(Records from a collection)
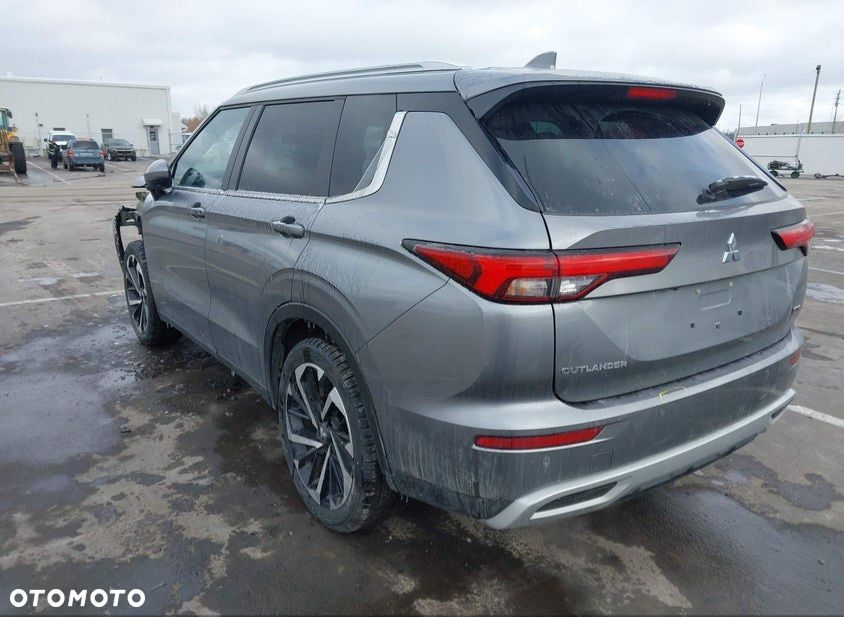Mitsubishi Outlander 2.0 Intense + 4WD CVT - 8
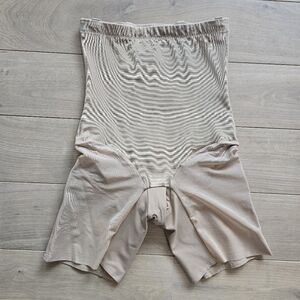 Honeylove SuperPower Short in Sand size M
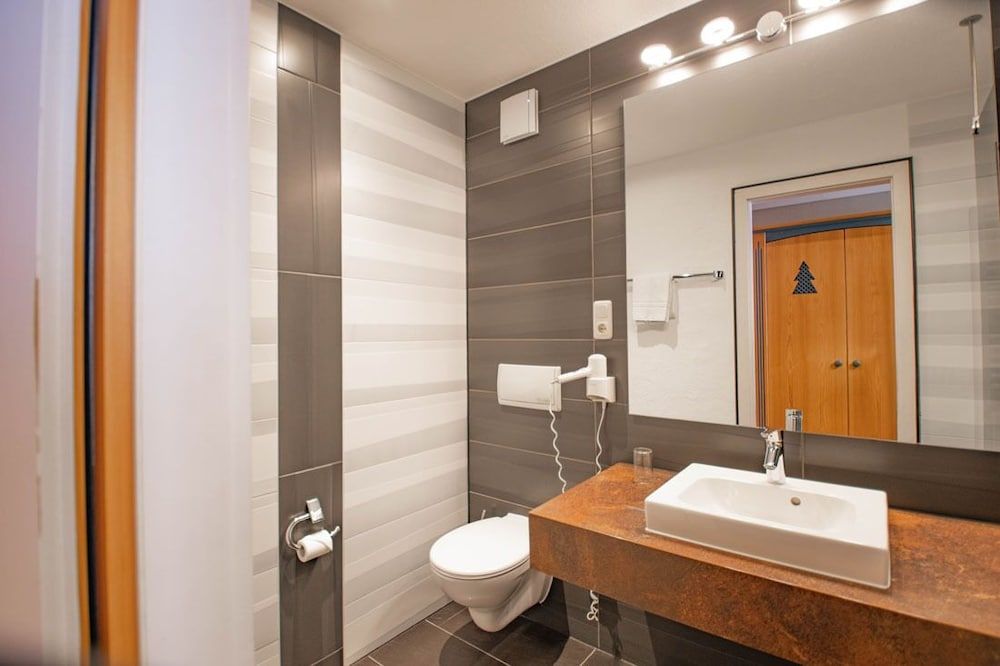 Hotel Tanne Single Room 5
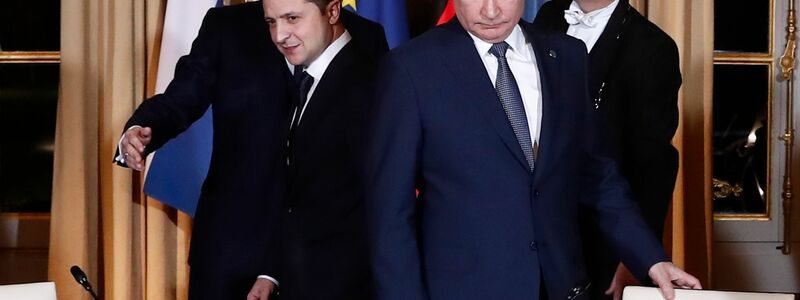 Da war Selenskyj noch hoffnungsvoll: 2019 bei einer Begegnung mit Putin in Paris. (Archivbild) - Foto: Ian Langsdon/EPA Pool/AP/dpa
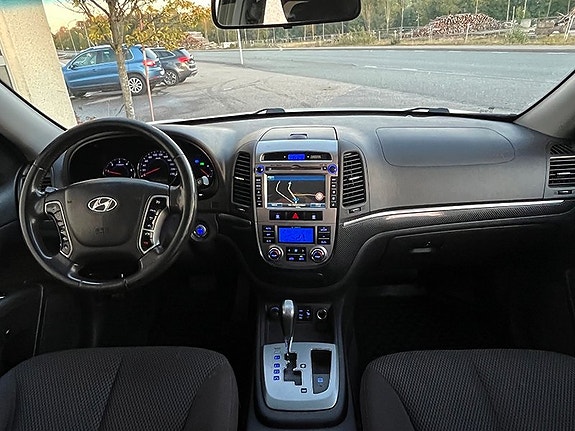 Hyundai Santa Fe 11 of 19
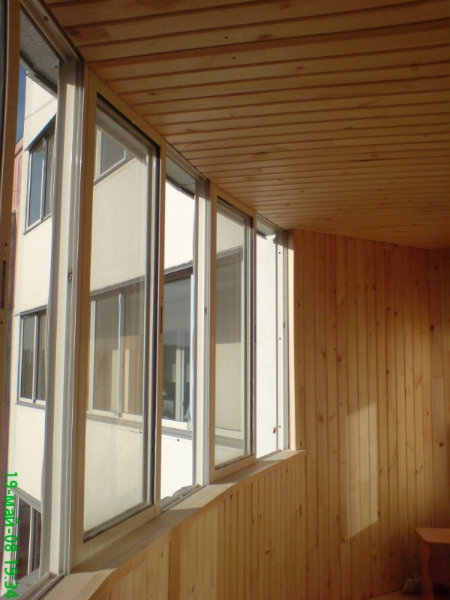 Предложение: остекление и отделка балконов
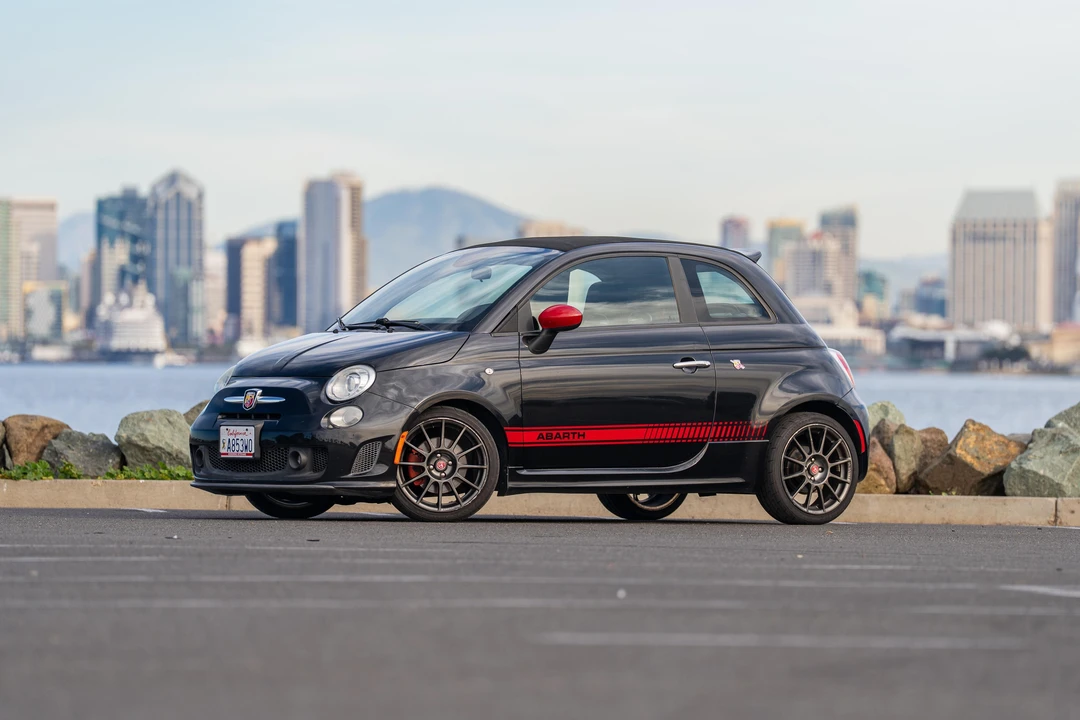 2013 Fiat Abarth 500 - Image 8 of 31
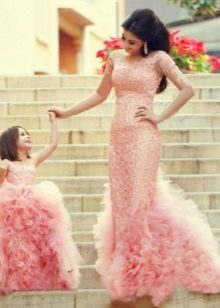 Prekrasna ružičasta pahuljasta haljina Obiteljski look za djevojčice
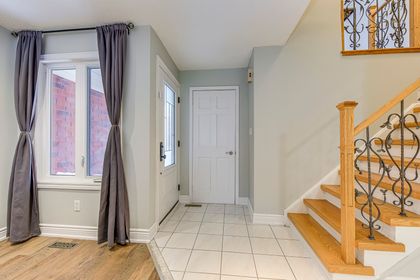 Entry - 2 - 2006 Glenada Cres., Oakville at 2 - 2006 Glenada Crescent, WC Wedgewood Creek, Oakville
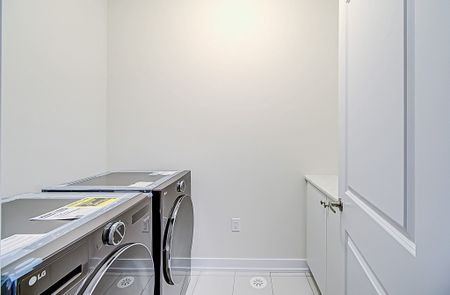 For Lease - 3133 Meadowridge Drive, Oakville, Ontario - Photo 4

▶ What to produce
Give all the entries again exactly, dropping each picture.

▶ Solution for this problem
Mitsubishi Outlander 2.0 Intense + 4WD CVT - 8
 Honeylove SuperPower Short in Sand size M
 Hotel Tanne Single Room 5
 Da war Selenskyj noch hoffnungsvoll: 2019 bei einer Begegnung mit Putin in Paris. (Archivbild) - Foto: Ian Langsdon/EPA Pool/AP/dpa
 Hyundai Santa Fe 11 of 19
 Предложение: остекление и отделка балконов
 2013 Fiat Abarth 500 - Image 8 of 31
 Prekrasna ružičasta pahuljasta haljina Obiteljski look za djevojčice
 Entry - 2 - 2006 Glenada Cres., Oakville at 2 - 2006 Glenada Crescent, WC Wedgewood Creek, Oakville
 For Lease - 3133 Meadowridge Drive, Oakville, Ontario - Photo 4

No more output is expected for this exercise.